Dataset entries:
# # # #
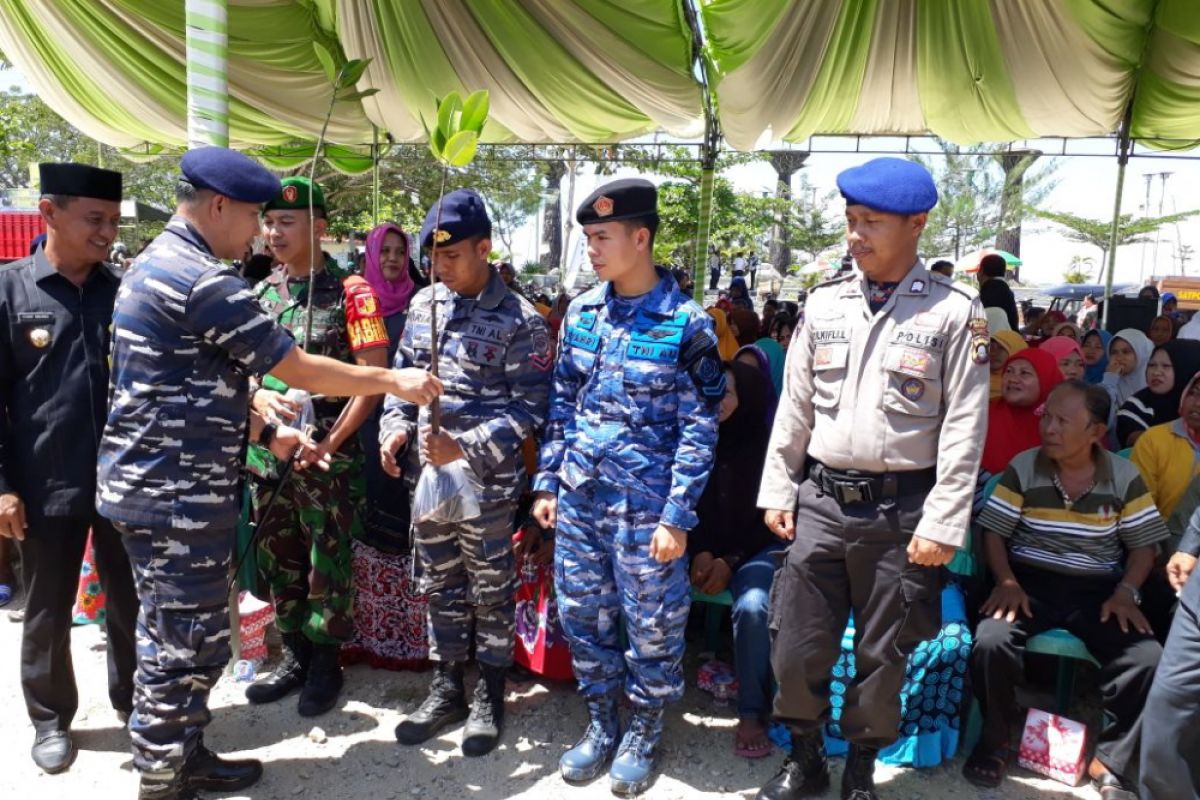 TNI AL Bakti Sosial di Pesisir Timur Pohuwato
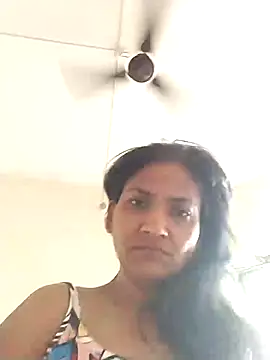 Snapshot of sunita6009 chatting on June 2026 02:23:02 AM sunita6009 online show from June 2026 02:23:02 AM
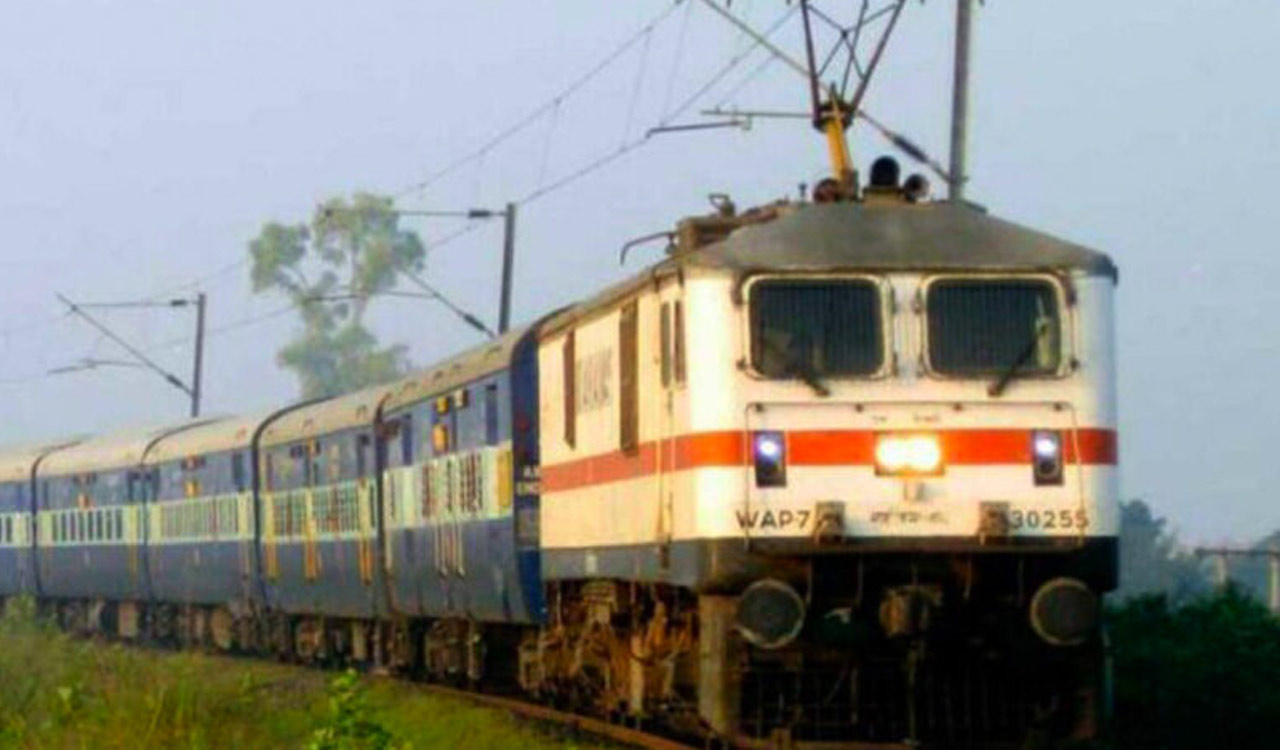 SCR extends run of special trains for festive season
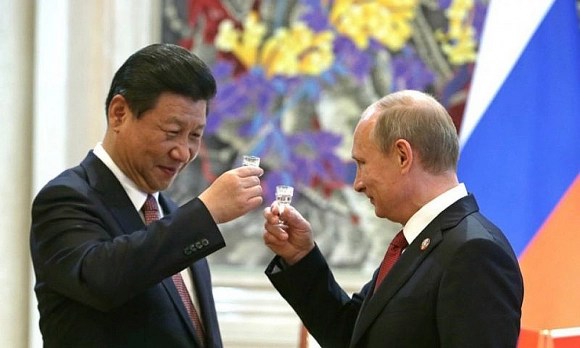 Guerra Económica: Rusia acepta vender su gas a China en yuanes y le da un duro golpe al dólar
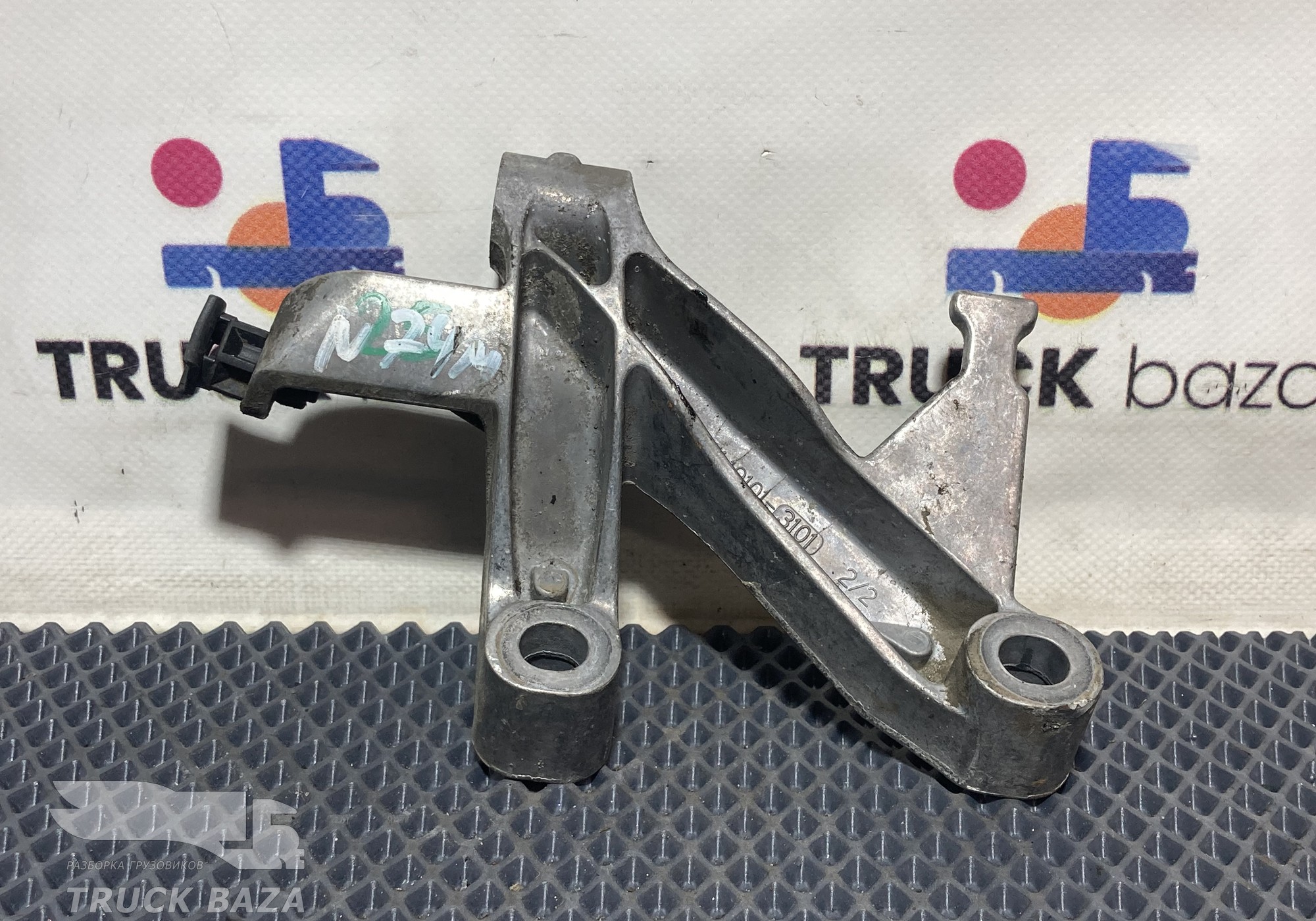 51191010466 Кронштейн генератора для Man TGS II (с 2012)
# # # #
__Problem__:
I need the entries printed exactly, with each picture left out.

__Exercise response__:
 TNI AL Bakti Sosial di Pesisir Timur Pohuwato
 Snapshot of sunita6009 chatting on June 2026 02:23:02 AM sunita6009 online show from June 2026 02:23:02 AM
 SCR extends run of special trains for festive season
 Guerra Económica: Rusia acepta vender su gas a China en yuanes y le da un duro golpe al dólar
 51191010466 Кронштейн генератора для Man TGS II (с 2012)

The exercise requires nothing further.